Teach yourself the fundamentals of physics whatever manner works best for you. But until you’ve built a working Perendev motor and had the design and device peer-reviewed, please don’t advertise it as a real alternative to solutions that don’t break the laws of thermodynamics.
Hey, i could say the same about your link 🤷. Doesn’t break the rules, but let’s face it, it’s not a viable alternative. I really can’t imagine someone doing this in the age of electric cars.
It’s like you holding that same thing suspended in air for a year. You must put in work to do that, right?
Your body is burning energy because it’s not good at holding a position continuously. An idling car is sitting there, burning fuel - but it’s not actually doing any useful work, just getting hot. You get the same result by turning the engine off and putting on the handbrake, only without the heat.
Why do you think it takes work to suspend something using tension, but not to support something using compression - e.g., the same object resting on a desk?

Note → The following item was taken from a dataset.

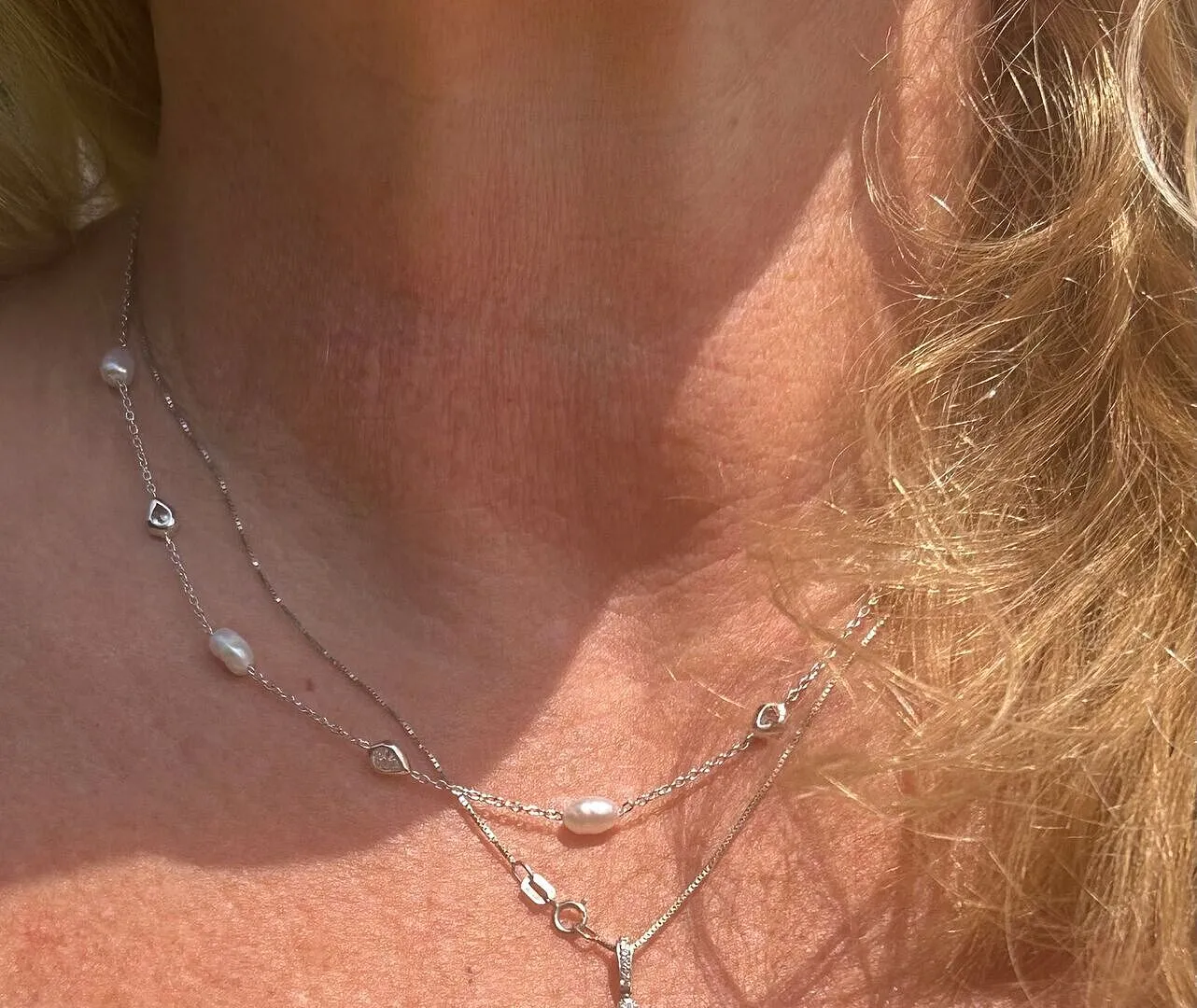 Astrid & Miyu Pearl Crystal Charm collier argent perle cristal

Work is force times distance; that’s proven to the n^th decimal place. If nothing moves, no work was done.
I really can’t imagine someone doing this in the age of electric cars.
Battery-electric is a way to move power. You still need to generate power in the first place - and perpetual motion would be great for the grid, for ships, everything. It just doesn’t work.
Battery-electric is a way to move power. You still need to generate power in the first place - and perpetual motion would be great for the grid, for ships, everything. It just doesn’t work.
I wasn’t talking about perpetuum mobile, I was talking about the magnets actually spending their magnetic energy… you would have to magnetize them again from time to time.
Nice comic BWT, funny 😂.
If you genuinely use the magnets as a battery, they just don’t store enough energy. Wikipedia lists Neodymium magnets as storing about 512kJ/m^3, and lead-acid batteries as about the same amount but per litre - so a thousand times more dense.
Remember that energy removed must equal energy added, so you need to find a way to pump those megawatt-hours into the battery.
In addition, energy storage mechanisms generally have to release that same amount of energy when destroyed. A fully charged lithium battery makes a serious fire, especially if it’s a big one. A big tank of petrol makes a big fireball, when allowed to mix with air. A spring or a magnet mostly just goes ‘bang’.